Depuis le XVIe siècle, d'innombrables gravures panoramiques ont célébré cette fabuleuse silhouette, banalisée de nos jours par les chromos des cartes postales. Cependant, l'étirement de l'agglomération, comme sa division à grande échelle, contribue à allonger les circulations terrestres, tout en favorisant une circulation maritime encore dense. Mais, même à petite échelle, au niveau du tissu urbain, la ville est aussi très fragmentée. Le relief fortement ondulé, quoique peu élevé, isole les quartiers les uns des autres par des pentes très raides ou des cassures brusques. Car il fallait que, comme Rome, la ville mère, Istanbul s'étende sur sept collines : en réalité six avancées d'une dorsale entrecoupée de talwegs du côté de la Corne d’or, plus une vraie colline du côté de la Marmara. Sur ce site, la ville a défié le temps mais aussi une succession de grands souverains qui ont su dominer le monde plus que leur capitale. En dehors des grands axes et des grands ensembles prestigieux, le dédale des rues et des quartiers a conservé son autonomie et protégé les habitants contre les tentatives de mise en ordre du pouvoir. Aux avenues et aux églises byzantines ont succédé les külliye ottomanes, les lotissements après incendies, mais ces remaniements ponctuels n'ont été véritablement remis en cause que par les percées de la fin du XIXe et de la première moitié du XXe siècle.

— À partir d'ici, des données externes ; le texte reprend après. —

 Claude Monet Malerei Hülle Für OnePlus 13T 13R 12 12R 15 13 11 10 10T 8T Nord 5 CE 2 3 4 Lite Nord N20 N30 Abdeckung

Une sorte d'haussmannisation avait commencé, que la ville continue à subir. Elle se propose même de la faire revivre, après une halte de quelques années qu'elle n'a pas mise à profit pour renouveler ses conceptions urbanistiques.

Néanmoins, sa silhouette découpée par les colonnes antiques, les coupoles byzantines ou les minarets ottomans a partiellement survécu grâce à des règlements pour une fois protecteurs. De cette histoire, continue et chaotique, d'une ville débordant son site ou flottant dans ses trop grandes murailles, tout ne peut être dit. Des moments ou des thèmes sont à privilégier, où des structures se mettent en place ou se défont ; des processus sont à déceler qui font son originalité ; des architectures sont à révéler, jusqu'alors méprisées ou ignorées, car jugées bâtardes ou décadentes. Bien des guides oublient les monuments néoclassiques et les chefs-d’oeuvre de l'Art Nouveau, ou même certaines petites mosquées signées de grands architectes, pour mieux détailler des mosaïques byzantines ou des salles de musées. Une histoire urbaine, qui reste, il est vrai largement à écrire, servira de fil conducteur au voyage à travers les quartiers et les architectures d'Istanbul.